I love nature. The Ocean, forest, and all life forms. I believe that Earth is in danger. We should all be seriously concerned about what is happening in climate change and each make a commitment to do something about it.
I am who I am because I am the thread that runs in the fabric created by my mother, grandmother and my people.
I love stories – telling and hearing.
7. I make art from anything..but I love drawing with pencil and watercolours.
Welcome and thank you for reading my blog. My name is Joycelin Leahy. My blog name is Tribal Mystic. I am an Ahe (pronounced: aah hee) woman from Morobe Province, Papua New Guinea (PNG); one of the most unique and diverse countries of many tribes, languages, cultures and natural beauty. I now live in Brisbane, Australia and work between the two countries.

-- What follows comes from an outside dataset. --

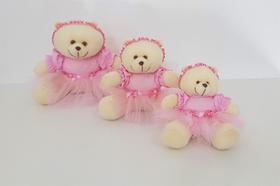 Kit Trio De Ursinhos Para Nicho Ursa Bailarina Rosa - PolyBaby Kit Trio De Ursinhos Para Nicho Ursa Bailarina Rosa - PolyBaby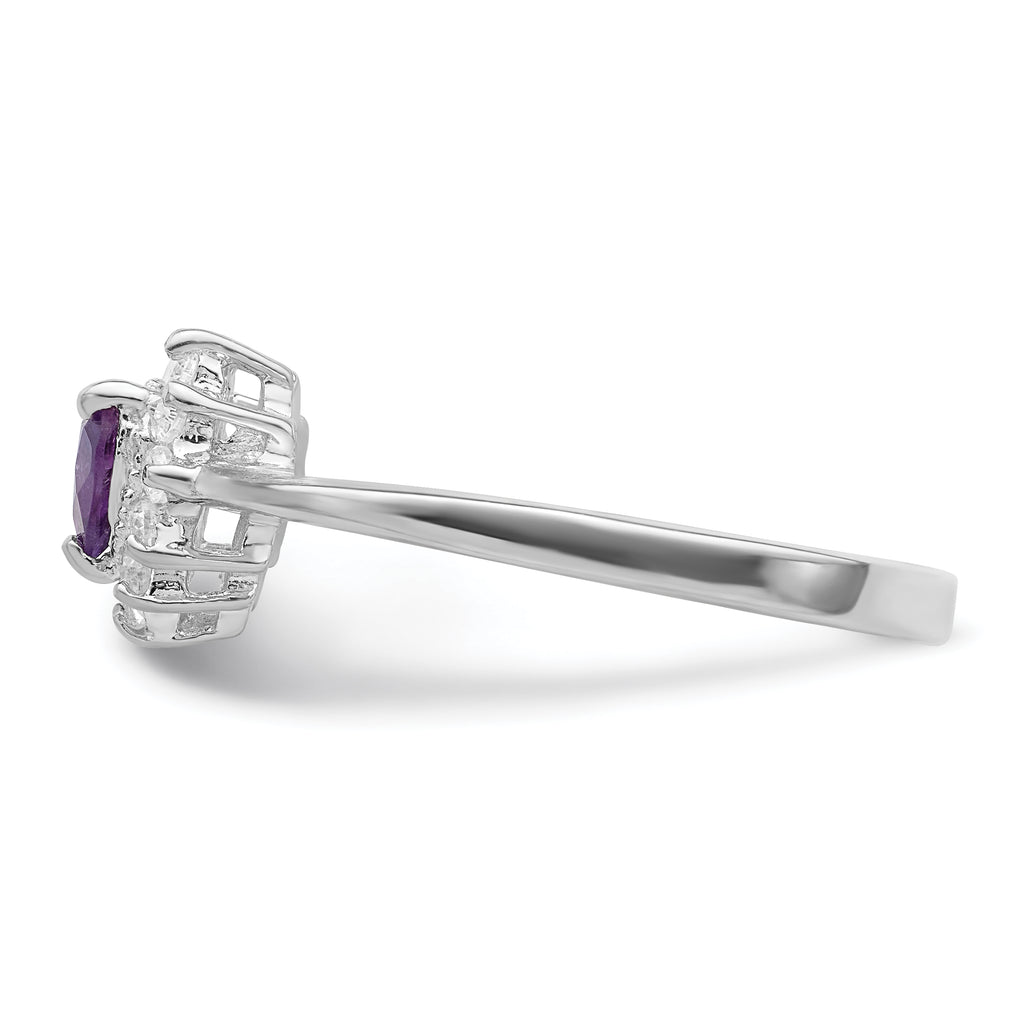 Sterling Silver Rhodium-Plated Amethyst and Cubic Zirconi Heart Ring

Whether you come from PNG or not, we all come from tribes and we belong to some kind of tribal group and material objects or things that give us our identity. I believe each person and each thing has a story. I am hoping to share with you some of these stories about people, animals and things that have been part of my life. I hope that you would find these stories interesting and share them with others. I have been a journalist, artist, an arts curator, business woman, climate activist and story-teller and a mother of two amazing sons. I have also been a cleaner, house painter, body painter, sales person, renovator, telemarketer, campaigner – you name it, I have tried many things…As present, I write for pleasure and I paint and teach others to paint while I run my art gallery in Bellbowrie called Beyond Pacific Art.
I am very passionate about sustainable heritage particularly with the effects of climate change. I would also like to see more women in PNG and the Pacific Islands become self-sufficient by using their traditional heritage to do contemporary business and at the same time, not give in to too much commercialisation and losing their traditional skills. Teach your daughters and grand daughters your skills now. I only hope for eco-tourism in the future and I would like to see Pacific Island countries, particularly the Melanesians work extra hard to preserve their unique heritages. We are losing many languages. I support visual artists and embrace all the challenges that women face around the world and particularly in my country and the islands. There will be posts about many of my interests I have just mentioned as part of my introduction to this blog. I hope what I write would support, educate and be simply enjoyed. Please give me some honest feedback.
I have been contemplating this role as a blogger for almost three years and was always afraid and concerned that I would never have the right content or quantity to write about. Just writing this tonight makes me feel like a very excited small kid dying to play in a large playground with strangers. I took some time to speak to friends and family who are expert bloggers (thank you Mari Ellingson – Island Meri) and looked at veterans Malum Nalu and Masalai and after some research and feedback I have finally taken the giant step. I hope that I can stand comfortably on my feet in the coming months and make another step towards sharing extraordinary stories and pictures. I will write about art, culture, heritage, climate change, creative writing, nature, family women, business, music, beauty and fashion, but to name a few. Each post will be different and could be from any of these topics. In this first blog, I would like to share an image of two birds – both lorikeets that have come to live with us here on the outskirts of the city in Bellbowrie. Over the years my sons and I have loved and cared for animals and insects and I often get a shock when without warning I find a dead beetle in the freezer, waiting to be buried properly. I have also been deeply moved often when my sons make me stop at roadsides to pick up road-kills and take them home with us. Whether it be a possum or bird they wanted us to take the animals home to give them a good burial in our yard. Next blog I will share with you one of my short stories about life in Brisbane City. Tenk yu tumas na lukim yu! (Thank you very much and I’ll be seeing you!).